Workflow enforcement
One key point I think is worth mentioning is that when you automate your workflow, you don’t want Claude bypassing it and calling commands directly. That’s why hooks in Claude Code are important.
For example, I have these hooks that block Claude from directly running the gh cli tool and remind it of the correct dev workflow commands to run instead:
if [[ "$command" =~ (^|[[:space:]])git[[:space:]]+push($|[[:space:]]) ]]; then
jq -n '{
"hookSpecificOutput": {
"hookEventName": "PreToolUse",
"permissionDecision": "deny",
"permissionDecisionReason": "Blocked: Direct git push bypasses required workflow. Use /complete-task command instead, which runs the complete verification pipeline (lint, test, code review, PR submission) and prevents orphaned changes."
}
}'
exit 0
fi
if [[ "$command" =~ (^|[[:space:]])gh[[:space:]]+pr($|[[:space:]]) ]]; then
jq -n '{
"hookSpecificOutput": {
"hookEventName": "PreToolUse",
"permissionDecision": "deny",
"permissionDecisionReason": "Blocked: Do not use gh pr directly. Use:\n- /complete-task - Create/update PR, run reviews, submit, check CI\n- pnpm nx run dev-workflow:get-pr-feedback - Check PR feedback and status (mergeable?)"
}
}'
exit 0
fi
Very rough
The ideas in this post are the latest evolution of my software development workflow automation. I am learning and evolving the process every week.

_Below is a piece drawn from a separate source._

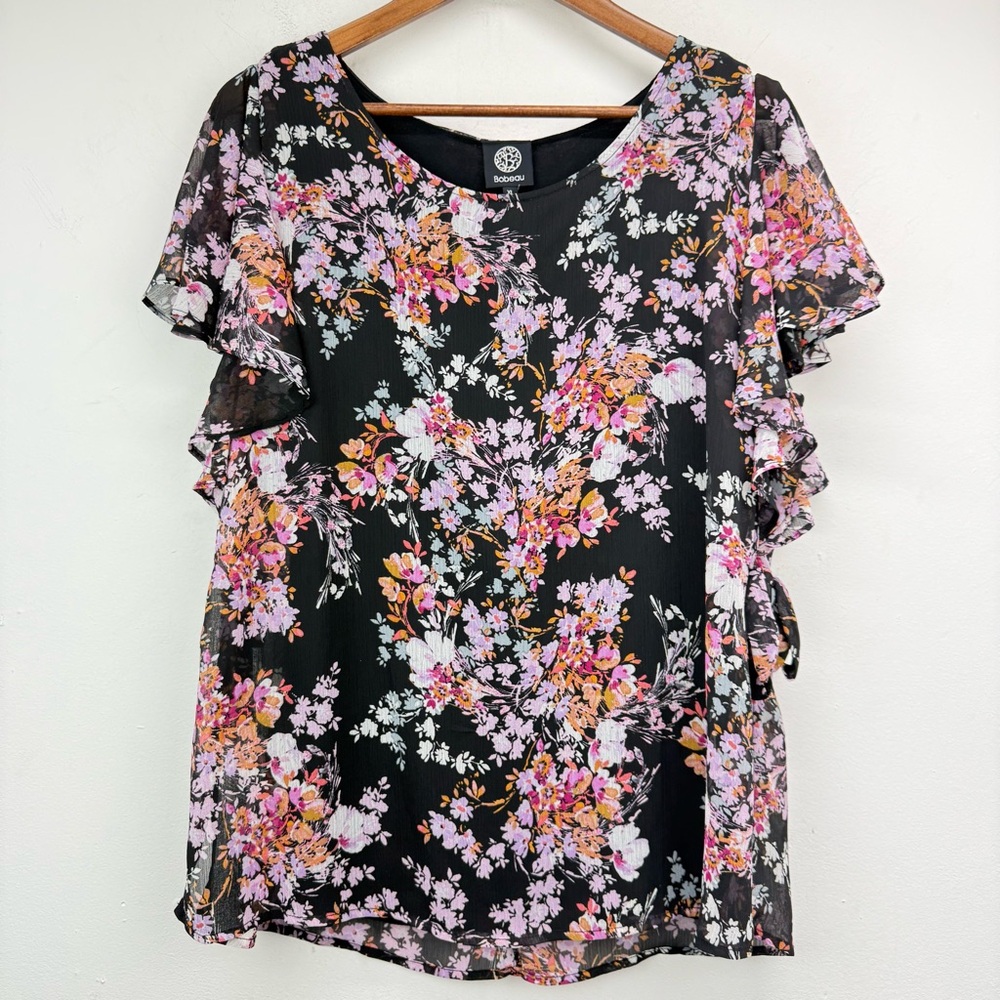 NWT Bobeau size XL Women’s Black Floral Ruffle Flutter Sleeve Layered Blouse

I’m not telling you to do this, I’m just sharing that this is the best approach I have found so far. Conceptually, putting the orchestration in real code and shelling out to LLMs only where they are truly needed makes sense. And in practice it seems to be working.
Maybe there are tools that solve this in a better way or maybe I just need to learn how to write better prompts.
But regardless of the implementation, one thing seems inevitable to me: we’re going to see the SDLC being automated in 2026.